In New York, for instance, yields on 30-year debt are 4.8%. On a tax-equivalent basis, which accounts for tax savings, that translates to roughly 9.8% for buyers in the state’s top tax bracket, according to a Friday research note by Kathleen McNamara, senior municipal strategist at UBS.

“Given the higher yield environment, we believe that high quality state GO bonds now present an attractive risk-return tradeoff for long-term investors,” McNamara wrote.

The report also highlighted states like California, Texas and Washington, where investors in the top tax bracket can reap yields ranging from 8% to 10% for long-maturity, general-obligation debt.

For New Jersey, UBS strategists suggested bonds in the 15- to 21-year maturity range.

State level credits even outside of the general obligation sector are providing extra yield. Take 30-year bonds sold this month by the New York Power Authority. They’re trading at about 5.2%.

On a tax-equivalent basis that would earn about 10.7% for investors in the top bracket, according to an online tool from Eaton Vance Management.

States vs.
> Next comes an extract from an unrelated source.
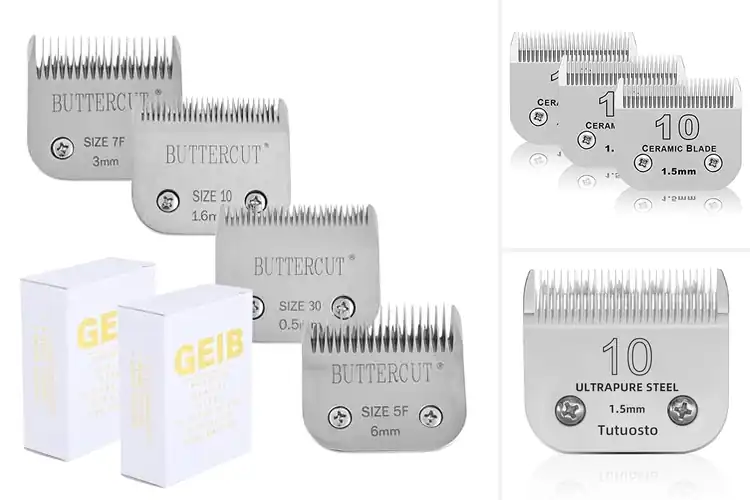 Detailed view of Best Professional Grooming Blades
Locals | Muni bonds of states outperformed local GO credits

Year-to-date, state general-obligation debt has lost 1.8%, according to data compiled by Bloomberg, outperforming the 3.45% losses from local credits and the 2.26% losses among munis broadly. UBS attributes the losses to the surge in rates, rather than declining credit fundamentals.

Dora Lee, director of research for Belle Haven Investments, echoed the recommendation.

“In muni-land, you are talking about single and double A-rated credits offering these very attractive yields for a minuscule default rate,” Lee said. “You can find very good opportunities within your home state.”